··· THE DATA ···

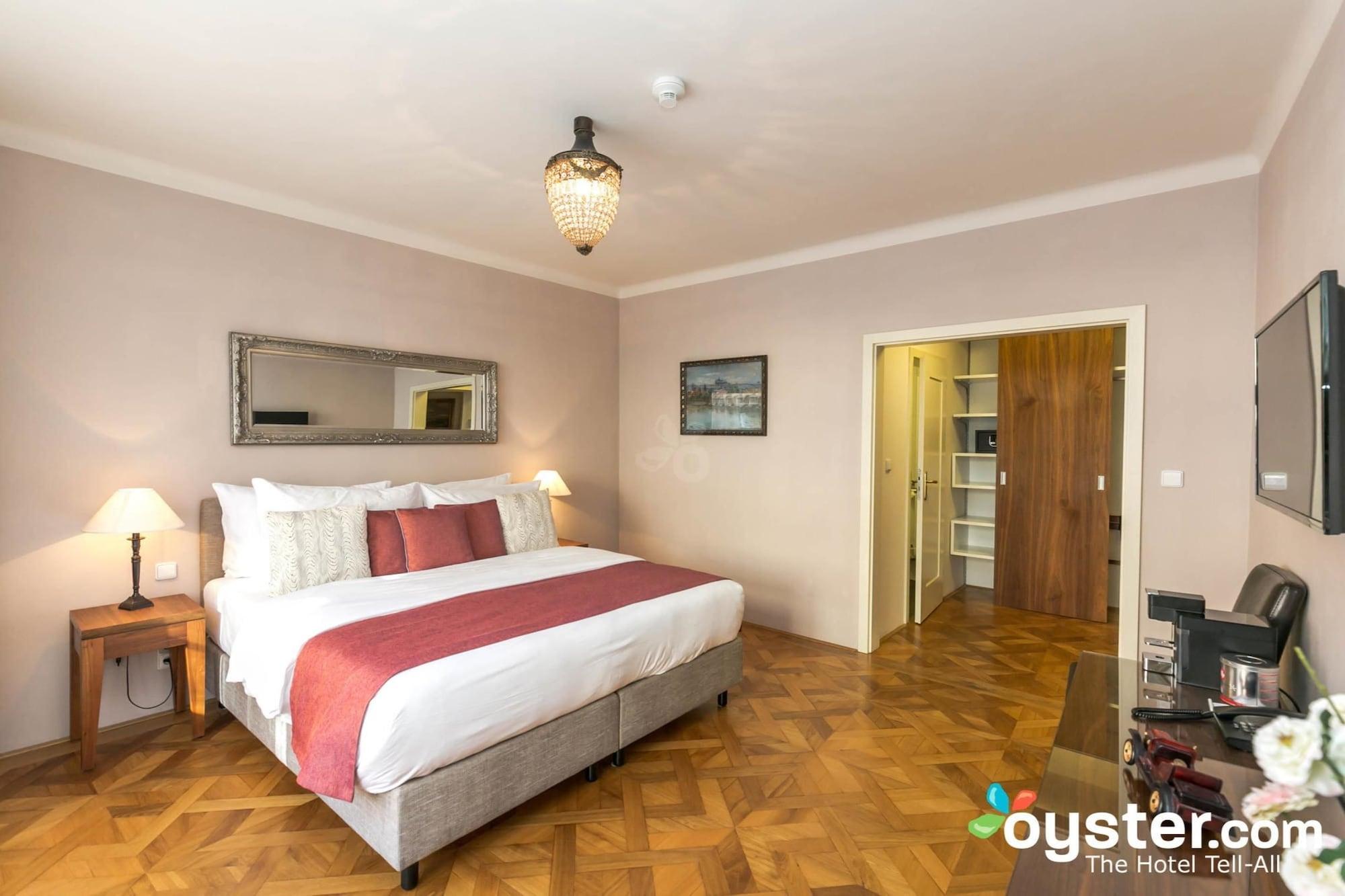 Hotel Golden Key Prague Castle Dış mekan fotoğraf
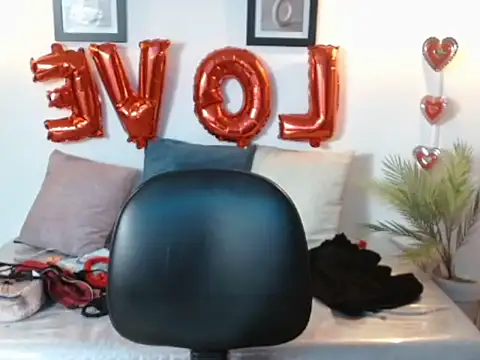 juliana__lx - Juliana__lx's free webcam - UK Sex Cams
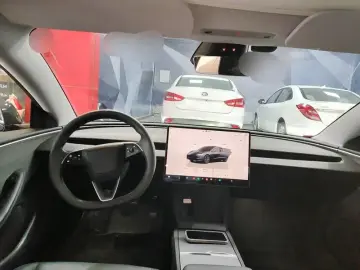 2023 Tesla Model 3 с пробегом 13 100 км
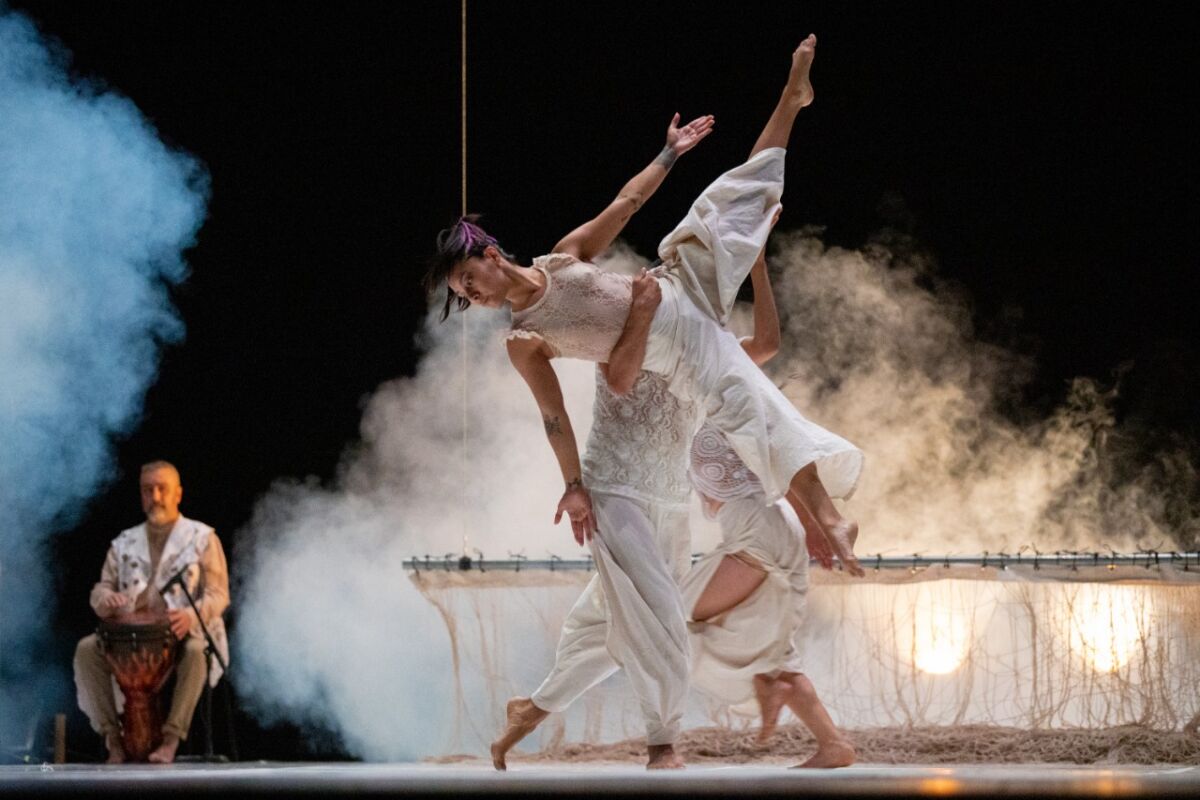 bailarines de danza contemporánea en escenario con hielo seco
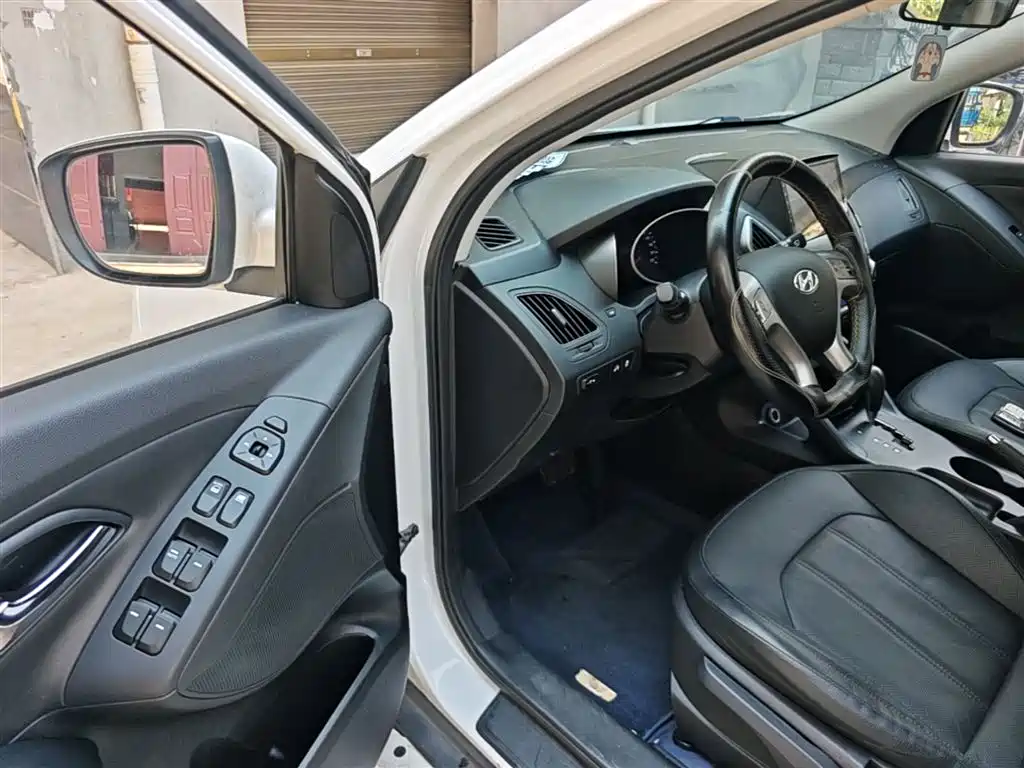 Hyundai Beijing Hyundai ix35 2015 2.0L Automatic 2WD Smart Type China IV фото 16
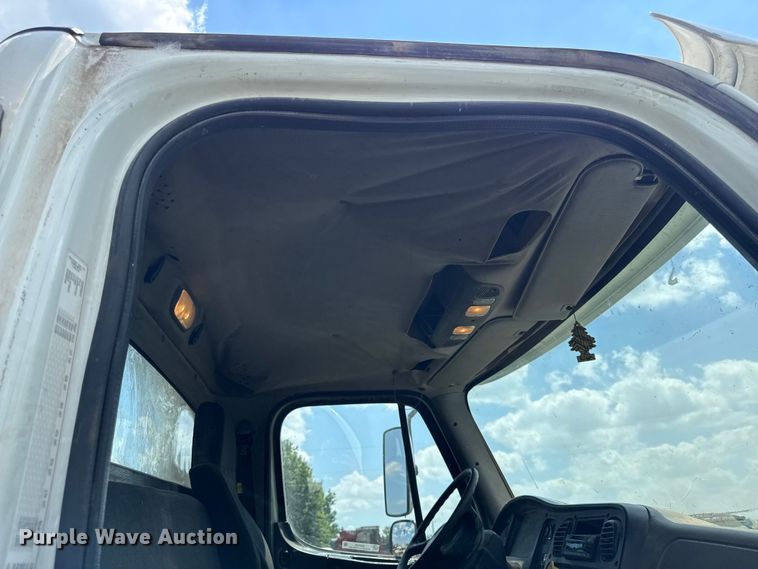 image for item EX2103 2014 Freightliner Business Class M2 semi truck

···

[PROBLEM STATEMENT] Print the material precisely as given, dropping any images it holds.

[REPLY TO THE EXERCISE]
 Hotel Golden Key Prague Castle Dış mekan fotoğraf
 juliana__lx - Juliana__lx's free webcam - UK Sex Cams
 2023 Tesla Model 3 с пробегом 13 100 км
 bailarines de danza contemporánea en escenario con hielo seco
 Hyundai Beijing Hyundai ix35 2015 2.0L Automatic 2WD Smart Type China IV фото 16
 image for item EX2103 2014 Freightliner Business Class M2 semi truck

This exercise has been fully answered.